Kollwitz, and Wilhelm Lehmbruck of a slightly later period, are among the

artists whose prints could be found on her walls. However, her favorite among

the Germans was Emil Nolde -- represented in the exhibition by works such as

"Frauenkopf III (Head of Woman III)," (1912); and she collected a

comprehensive sampling of his etchings, woodcuts, and lithographs.

Mexican art and culture were also of keen interest to Mrs Rockefeller in the

1920s and 1930s, when she worked actively to promote friendship between the US

and Mexico. This period was one in which the muralists Diego Rivera, David

Alfaro Siqueiros, and Jose Clemente Orozco, known as los tres grandes (the

three great ones), were widely celebrated and sought after for commissions

that brought them regularly to this country.

Yet in Mrs Rockefeller's collection, after American artists, the French were

represented by the largest number of works. She believed that modernism

originated with avant-garde painting in France in the late Nineteenth Century,

and her collection included works by the Impressionist Edgar Degas, the

Post-Impressionist Henri de Toulouse-Lautrec, and the Symbolists Odilon Redon

and Paul Gauguin. Her donation of 61 lithographs by Toulouse-Lautrec, covering

the full range of the artist's important printed oeuvre, made the museum a

major repository of his work. However, she also acquired Twentieth Century

works by artists such as Henri Matisse and Pablo Picasso, with figurative art

of greater interest to her than abstraction, even in the case of Picasso.

As Mrs Rockefeller's art collection grew, she wanted to display it in her New

York City residence. She chose a top-floor area formerly used by her children

and had it renovated by American interior and furniture designer Donald

Deskey, in collaboration with architect Duncan Candler. The room for

exhibiting prints had the most radical design. Gray Bakelite walls, gray

carpeting, evenly distributed lighting, and streamlined furnishings created a

neutral, complementary background for the art. The walls supported an

ingenious hanging system that was both decorative and functional. Horizontal,

channeled metal strips allowed prints to be displayed with movable hanging

devices so Mrs Rockefeller could change her installations frequently. The

present exhibition evokes the spirit of her radical, modern gallery that stood

in such stark contrast to the traditional decor elsewhere in her home.

As the museum planned a new building in 1939, Mrs Rockefeller decided to

donate her collection of prints to the museum with the understanding that a

print room would be incorporated to house her collection. Unfortunately, the

war effort and related programming preempted the opening of the print room and

it was not until 1949 that it was finally inaugurated. Mrs Rockefeller died in

1948 and did not see the establishment of the curatorial department that had

been one of her missions for the Museum of Modern Art. The Print Room, the

first such facility devoted to the modern period, was named in her honor.

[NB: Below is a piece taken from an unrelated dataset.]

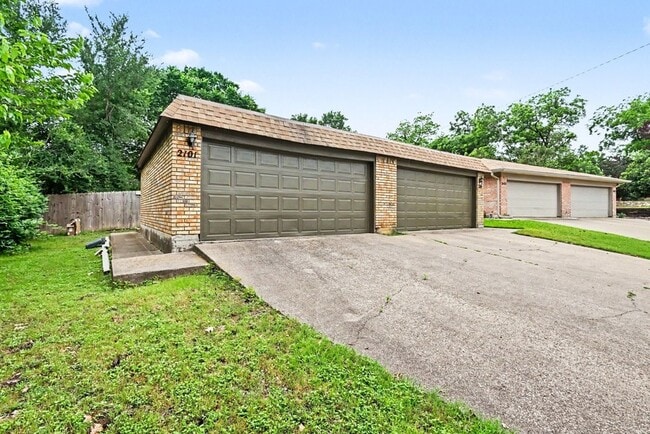 Building Photo - 2101 Mistletoe Ave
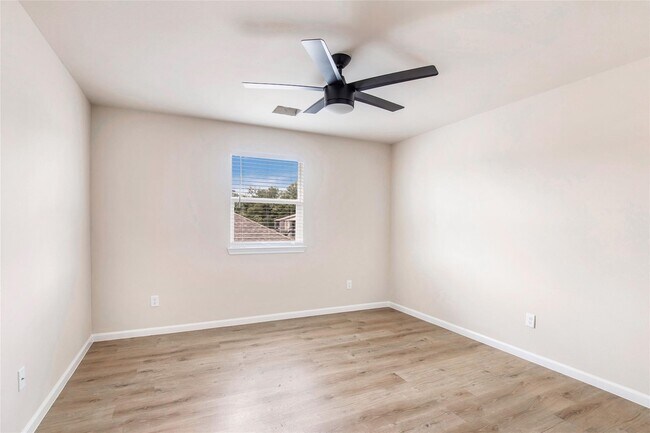 Building Photo - 322 Carlos Leal Dr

Today, the print collection has grown to 40,000 objects. The Abby Aldrich

Rockefeller Print Room, staffed by specialists, is the site of numerous

educational activities and is open to the public by appointment. A storage

area holds the collection and employs a filing system that allows for easy

retrieval; a library and research area provides the scholarly tools needed for

the study of prints; and a spacious study center allows for prints to be

examined quietly and first hand, outside their frames.